Lots of us go through it. You are not alone. I sure know I've had my up's and downs and it has gotten easier over time. But in those low moments I sure did feel alone like nobody understood what I was going through. just remember to keep your head up through the storm. You've made a big step in being here and it's worthy of an applause and congratulations. We're here if you ever need us.
Once you're at the point of being able to admit it, your shame will be so much less. It happened with me
Congrats on accepting yourself findingjoy!! As I've said earlier, you're making such brave steps!! I totally understand the ups and downs, I've been there. The bright side is, the more steps you make, the more confident you become and the low points feel a bit more manageable. You are doing so well!!
Yeah, yup! A lot of us went through this. Loving the gay, being unsure it was actually real, hating it and feeling yucky for being so happy about it. Just keep going through the motions, you'll come out feeling as you do now, but all the time.
Thanks so much! I came back here wanting to quit this again, and yes i feel down now and was fighting it all day... "I know I am going to come down again.
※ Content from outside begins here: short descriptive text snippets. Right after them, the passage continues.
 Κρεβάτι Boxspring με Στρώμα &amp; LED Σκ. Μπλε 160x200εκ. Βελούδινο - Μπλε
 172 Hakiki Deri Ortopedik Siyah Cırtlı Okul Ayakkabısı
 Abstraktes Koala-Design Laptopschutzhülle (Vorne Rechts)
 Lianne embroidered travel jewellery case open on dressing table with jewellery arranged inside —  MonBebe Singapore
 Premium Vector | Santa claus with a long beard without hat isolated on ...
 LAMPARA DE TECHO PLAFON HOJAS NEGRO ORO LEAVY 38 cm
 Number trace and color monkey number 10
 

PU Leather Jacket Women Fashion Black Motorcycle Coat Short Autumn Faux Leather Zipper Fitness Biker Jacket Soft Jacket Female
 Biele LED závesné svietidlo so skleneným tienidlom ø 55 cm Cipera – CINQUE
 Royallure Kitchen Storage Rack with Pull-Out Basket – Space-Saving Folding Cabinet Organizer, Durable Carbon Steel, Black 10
I know I will regret this post tomorrow- because I am on that roller coaster ride of coming out."But i noticed I didn't write "i did this and I will regret it" I wrote that I am on the way to coming out I wouldn't have noticed that if I didn't read your post. I am still confused.. but each time it's little less confusing...except when it's more confusing Yeah this right now!! then hating it and feeling yucky. I am there right now... Every time I come here wanting to post "I think this was a mistake" I read something like this and all the excuses I make come crashing down. of course that leaves me more confused! All I can say right now is every day is different than the other and I feel like I am going somewhere.. is it to totally accepting and being gay? Right now I don't know.
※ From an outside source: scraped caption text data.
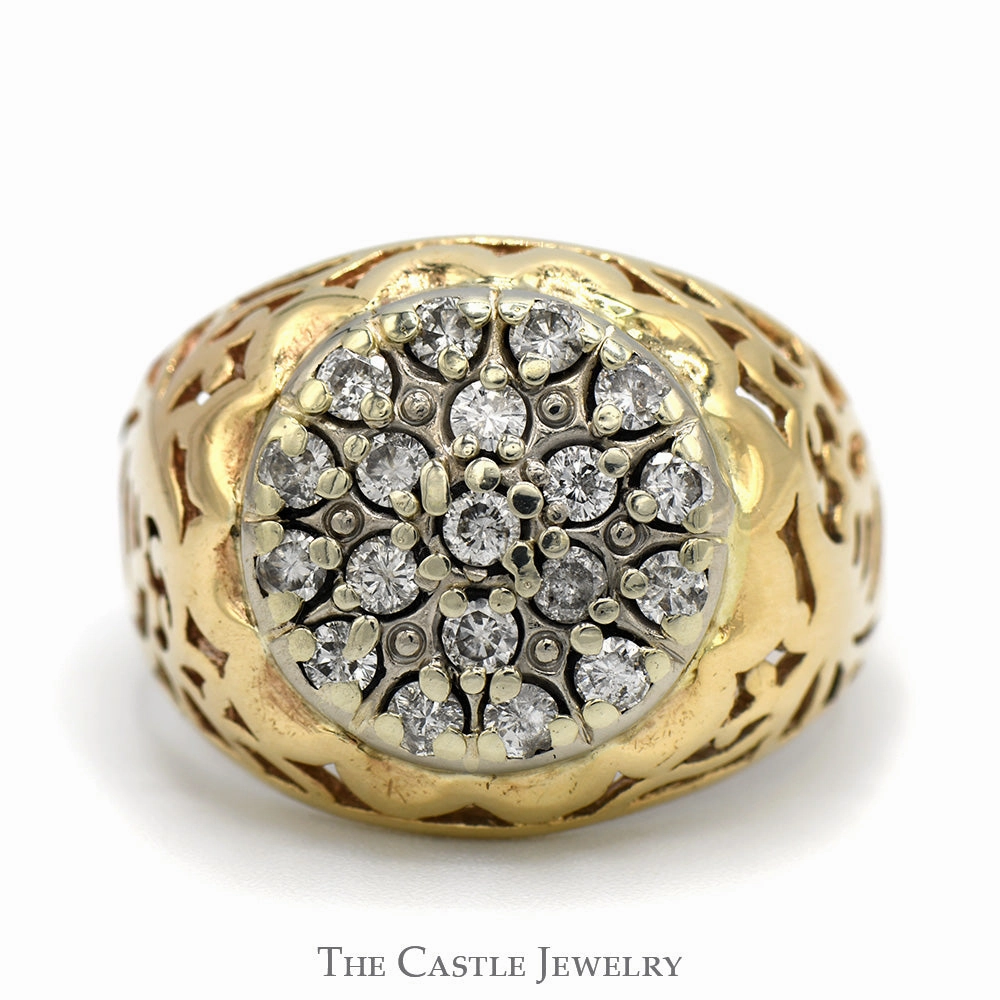 Ornate Accessory 1cttw Kentucky Diamond Cluster Ring with Filigree Sides in 10k Yellow Gold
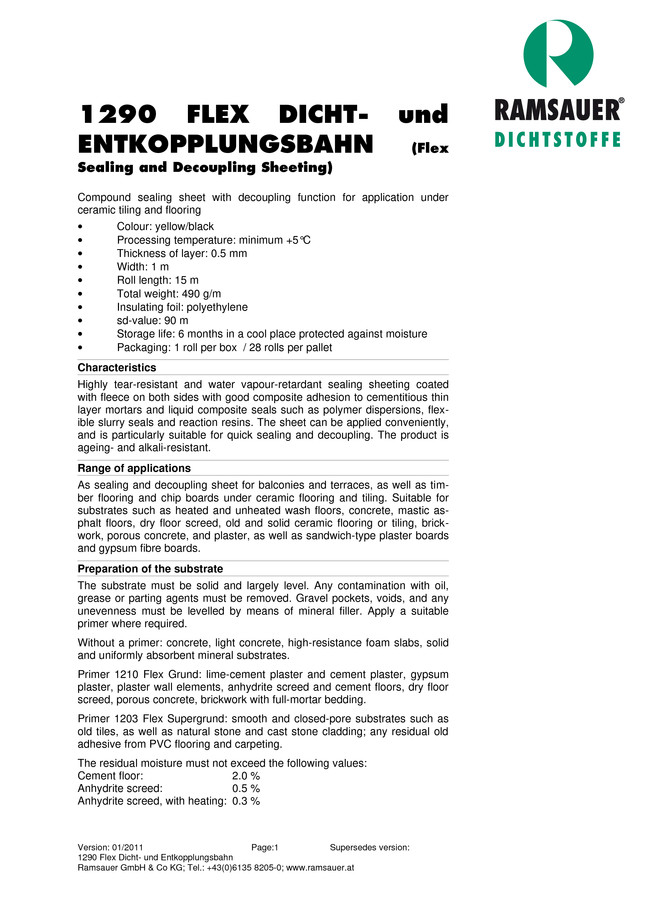        1290 Flex Dicht- Und Entkopplungs- Bahn - technical data sheet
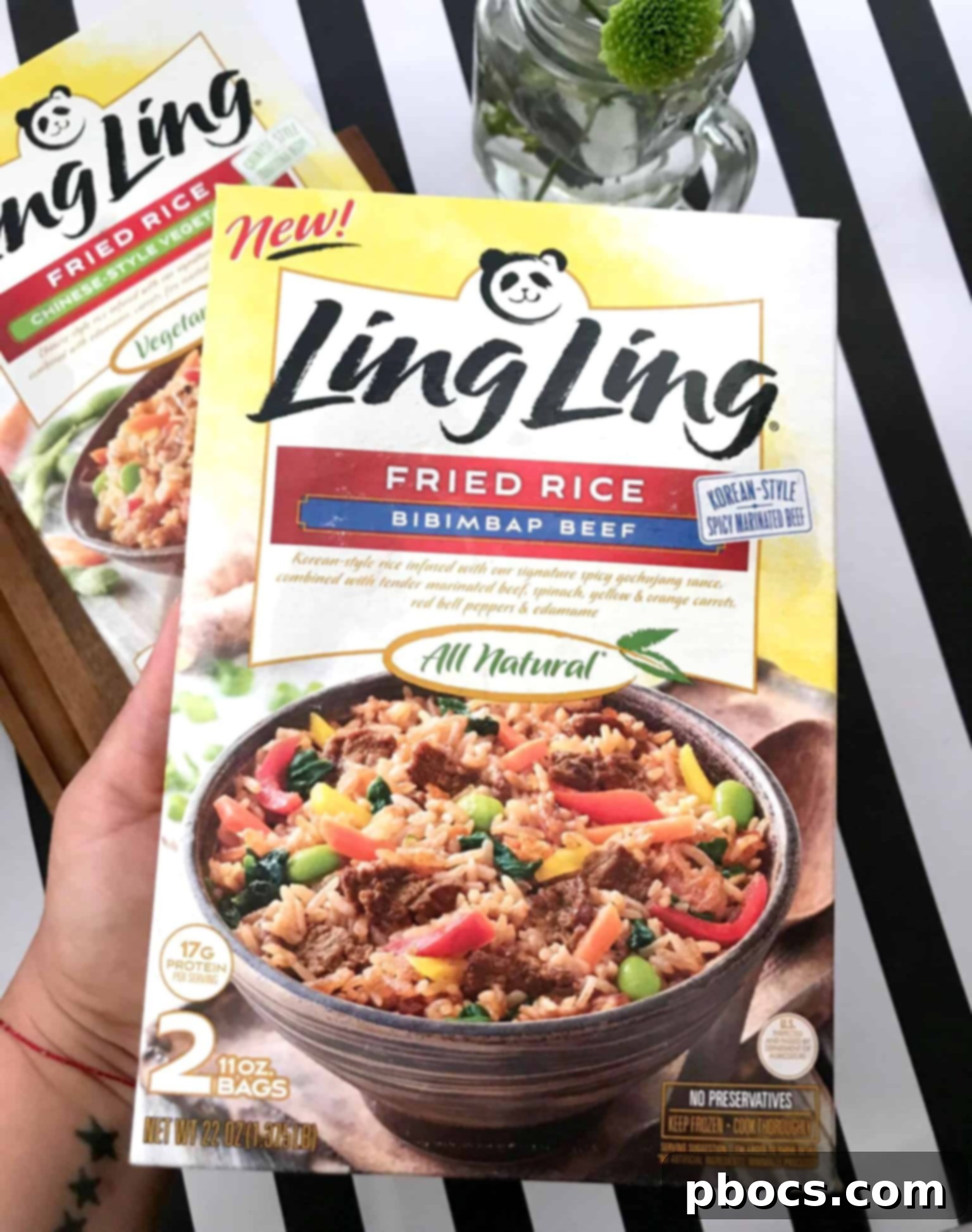 Ling Ling Fried Rice Bibimbap Beef and Chinese-Style Vegetable on a vibrant plate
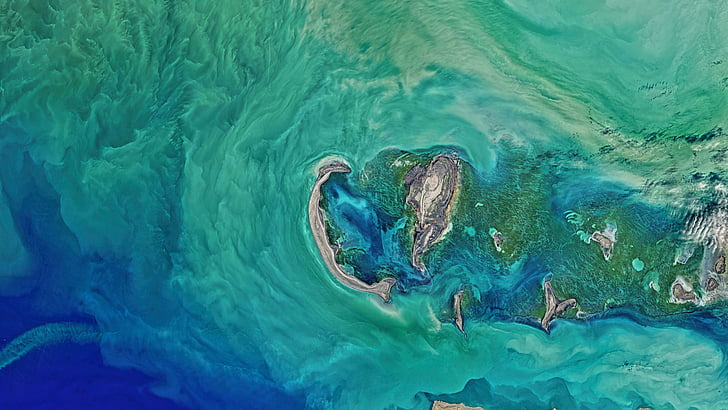 Каспийское море, вода, вода, земля, космическая фотография, фотография, океан, синий, спутник, острова, зеленый, остров, аэрофотосъемка, НАСА, HD обои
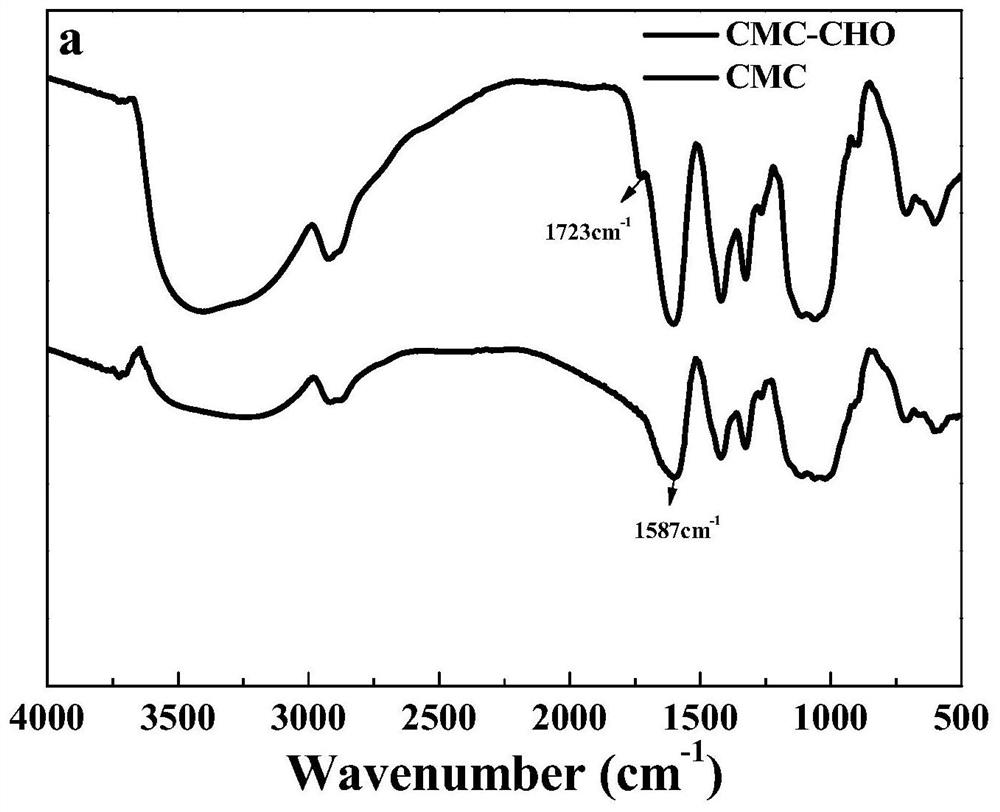 Carboxymethyl chitosan/hydroformylated carboxymethyl cellulose composite membrane and preparation method thereof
First of all, congrats on accepting who you are. Took me a while too. Saying it out loud does help though. Also, I have been waiting a long time for this: Hi Gay. I'm Dad. I'm sorry.
I feel totally like this. everyday is different. exciting. scary. I know I'm gay. emotionally it is difficult. especially because of various influences.
Congratulations! I know what you mean about a roller coaster! And also about knowing, but not accepting.
exactly. I know I am gay, but I can't accept it, but right now I want to just to be gay. It doesn't make any sense.